There are many definitions of what cyberbullying is but we will focus on the common definitions of harassment, bullying and intimidation in this section.

Harassment is a behavior that aims to humiliate or embarrass a person. It includes cases of bullying, where a person uses threats and humiliation repeatedly to abuse and intimidate another person.

Verbal and social bullying are common types of cyberbullying. It consists either in teasing, name calling, inappropriate comments, threats or social exclusion, rumors spreading and embarrassing comments.

Harassment also includes sexual harassment.

Bullying and intimidation are common behaviors online especially among young people. According to a report from the Joint Research Center (JRC) of the European Commission, 49% of 6195 children (from 10 to 18) who were interrogated in 2020 have already experienced cyberbullying (see figure below).

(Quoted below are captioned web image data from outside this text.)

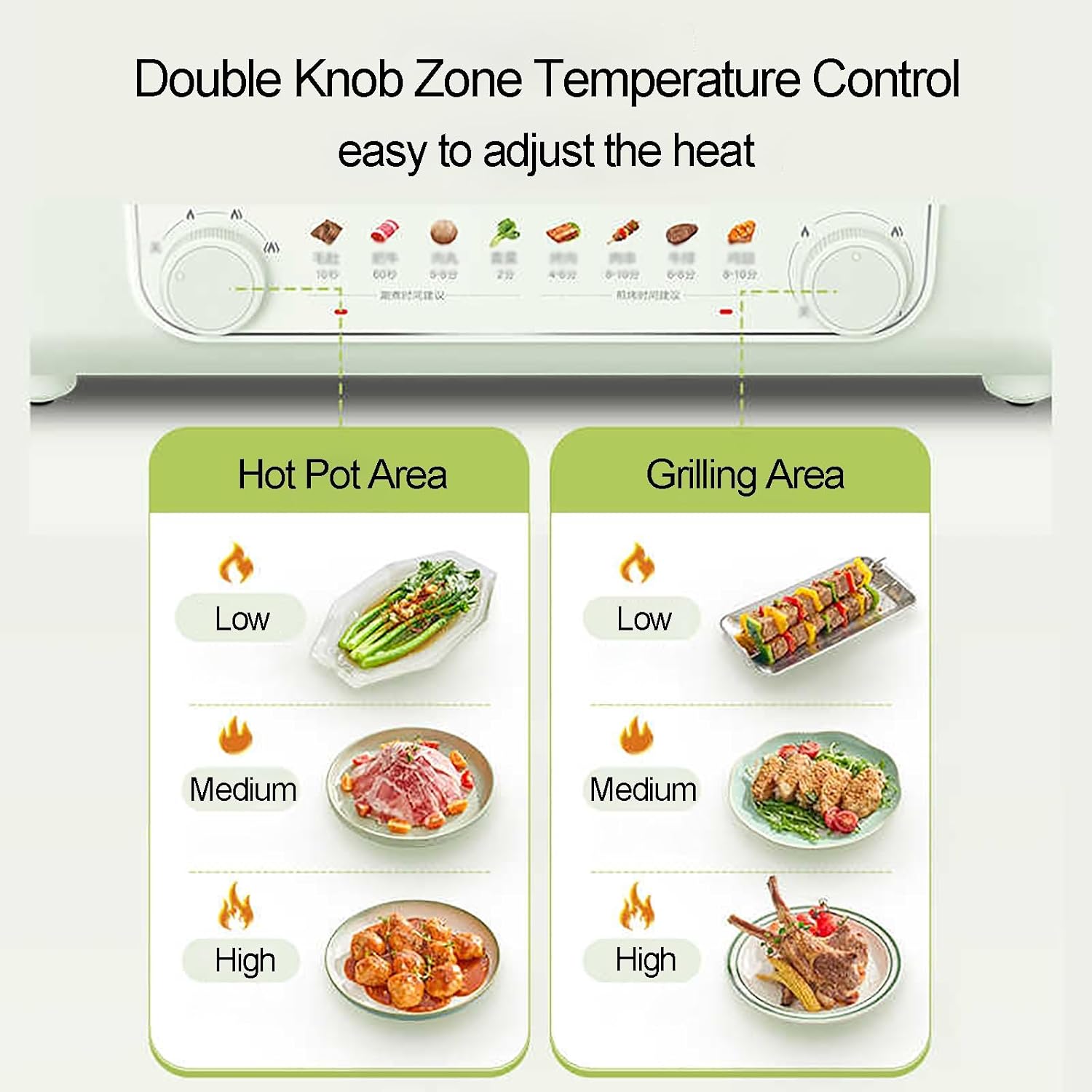 Hot Pot Electric Grill, 2000 W Indoor Non-Stick Electric Pot and Grill, Detachable Double Pot, Independent Dual Temperature Control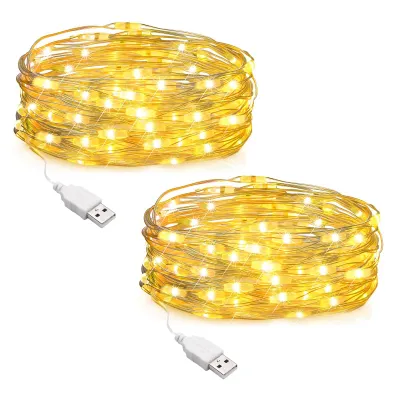 LED-Lichtschnur 10 m, 100 LEDs, USB, warmweiß, 2 Stück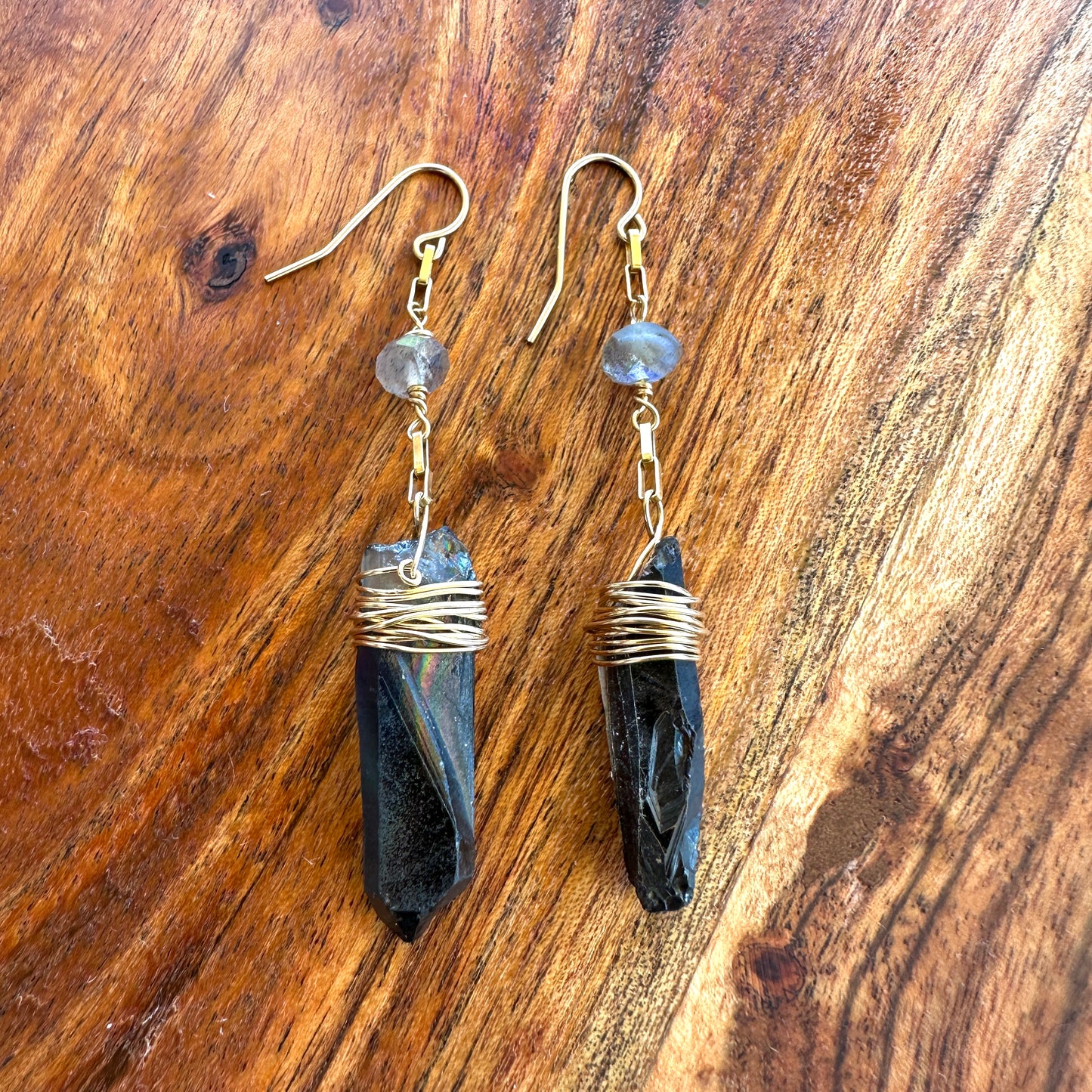 Labradorite Quartz Earrings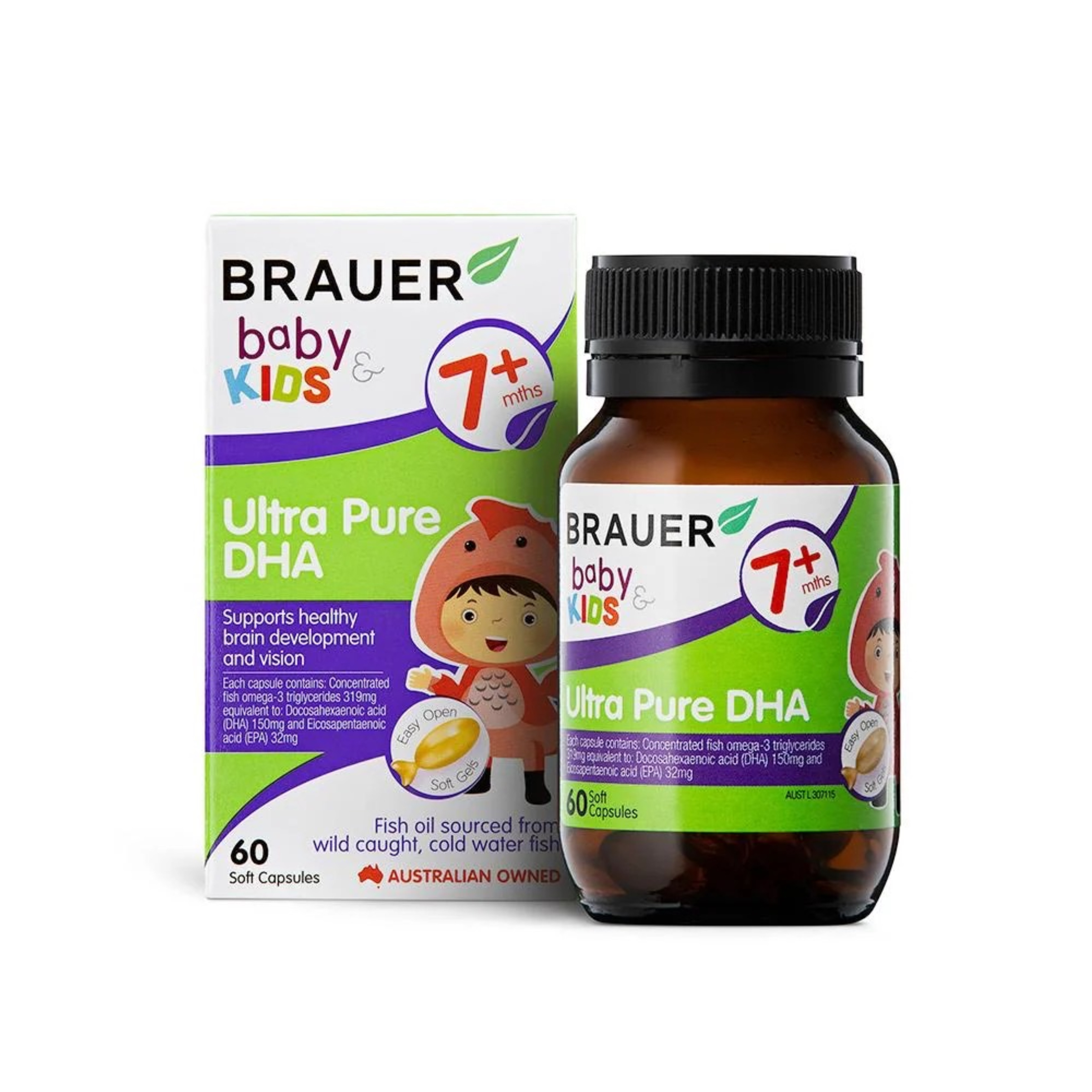 น้ำมันปลาบริสุทธิ์เข้มข้นสำหรับเด็ก BRAUER Baby & Kids Ultra Pure DHA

Percentage of children who have been victims of cyberbullying situations ("Nasty or hurtful messages were sent to me", "Nasty or hurtful messages about me were passed around or posted where others could see", "I was left out or excluded from a group or activity on the internet", "I was threatened on the internet"), by country

What's at stake

Several countries like the UK and Canada, some states in the US and some countries in the EU such as Poland have elaborated or use existing laws to fight cyberbullying and intimidation.

One such law is the Malicious Communications Act 1988 and the Communications Act 2003 from the UK which makes it a criminal offense for individuals to send messages which are indecent, grossly offensive or containing threats.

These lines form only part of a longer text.